Muchas de las piezas de Apóstol también aluden a la forma en que el tiempo y el poder han configurado los cuerpos y sujetos en Venezuela, que han sido usados para la representación nacional, pero desde una perspectiva completamente diferente. Apóstol hace referencia a la forma en que la historia produce estereotipos corporales, pero reconoce que es parte del mismo proceso de modernización. Es el poder venezolano el que hace posible la configuración de los cuerpos y de los espacios a través del tiempo, y eso trae consigo esos imaginarios específicos de raza, género y clase. Además, lo hace a través de fotografías y videos, y no de pinturas, en una suerte de escenificación que torna evidente la construcción ideologizada de los cuerpos. Sin embargo, lo que se reivindica en la correlación cuerpo-obra de Correa, por la manera en que hay una identificación de una cosa con la otra, en la obra de Apóstol aparece como una crítica de la representación, al poner de manifiesto la operación que produce el imaginario.
Finalmente, la obra de Castillo hace referencia al tiempo, pero desde otra perspectiva: tiene que ver con la forma en que las temporalidades son enunciadas por los monumentos y cómo es que estos pueden asociarse a momentos específicos de la historia. En ese sentido, la efigie es la representación de hechos históricos en su forma monumental y celebratoria. Por supuesto, al violentar las esculturas, Castillo hace una suerte de venganza tanto del suceso que representa la escultura como del poder que ejerce. Es un acto de iconoclasia manifiesta a través de la violencia. Sin embargo, ¿adónde se expulsa el cuerpo del otro en esta obra?, ¿cómo aparece? Ese otro cuerpo es el de la artista “desobediente” que realiza la acción. Marginada de su país de origen por las condiciones de precariedad a las que lo ha llevado el régimen de Maduro, Castillo solo tiene la posibilidad de señalar esa otredad en su país de residencia, México.
Estos tres casos, cada uno a su manera, procuran reivindicar al otro, pero con fines completamente diferentes, coexistiendo en el mundo del arte contemporáneo, aunque con consecuencias opuestas.
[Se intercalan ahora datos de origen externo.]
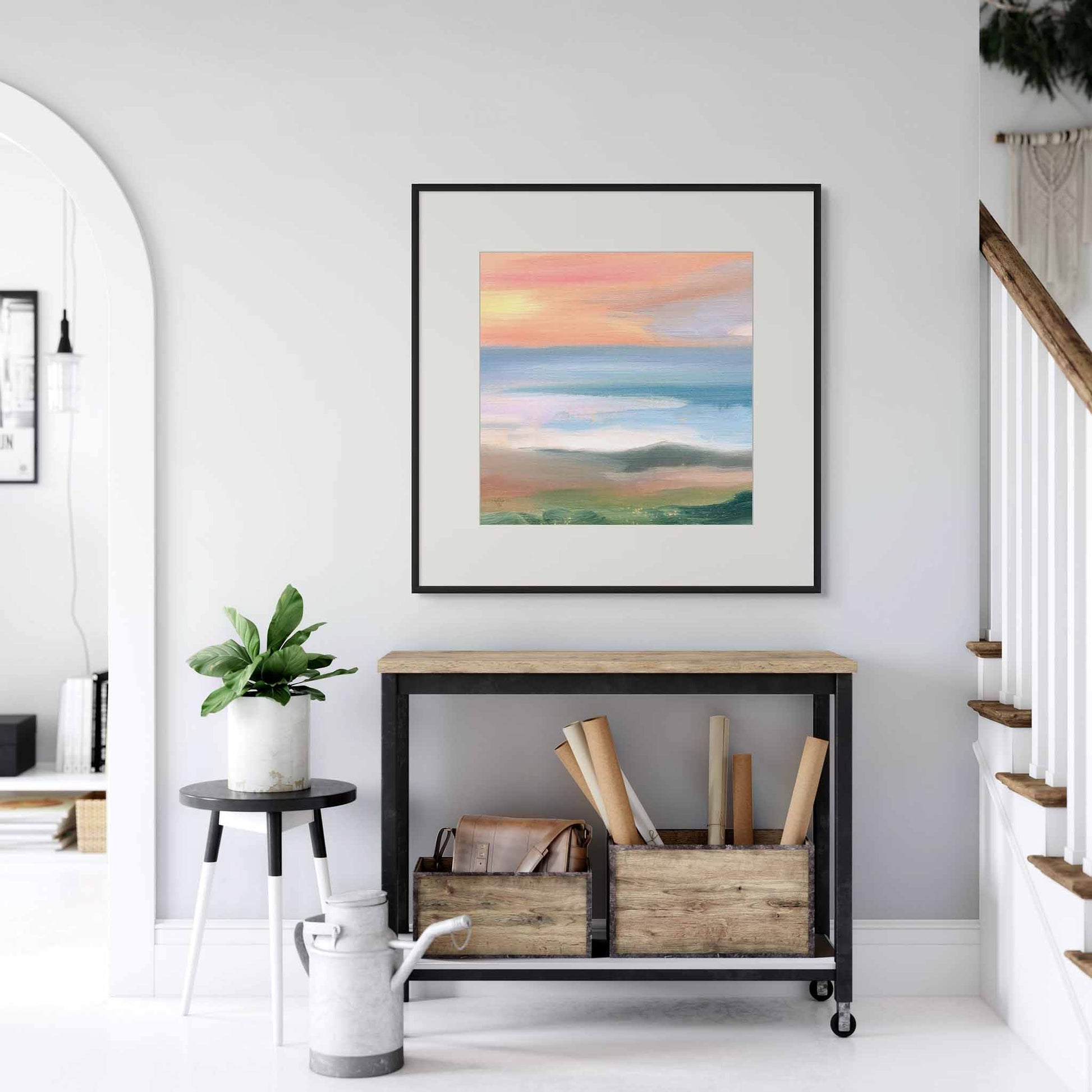 Framed artwork on a wall above a console table with decorative items in a white and airy home.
Sin embargo, se usa la retórica de la otredad como una moneda que responde a diferentes formas de ideología. Es muy significativo cómo en el presente las retóricas sobre “los otros” pueden ser retorcidas y usadas, incluso por regímenes autoritarios como el venezolano, para legitimar lo que llaman “lucha” y “resistencia”, un par de conceptos que, dicho sea de paso, también son usados por algunos discursos del arte en el presente. Lo más interesante, sin embargo, es la multiplicidad de sentidos que pueden adquirir la marginalidad y la inclusión para fundar mitos identitarios que, a su vez, justifican la explotación, la represión y la censura. Por eso hay que ver con mucho cuidado las formas en que se articulan el discurso y la identidad, porque muchas veces, como lo ha demostrado la historia, esas ideologías conducen a imaginarios que usan a los sujetos con fines propagandísticos.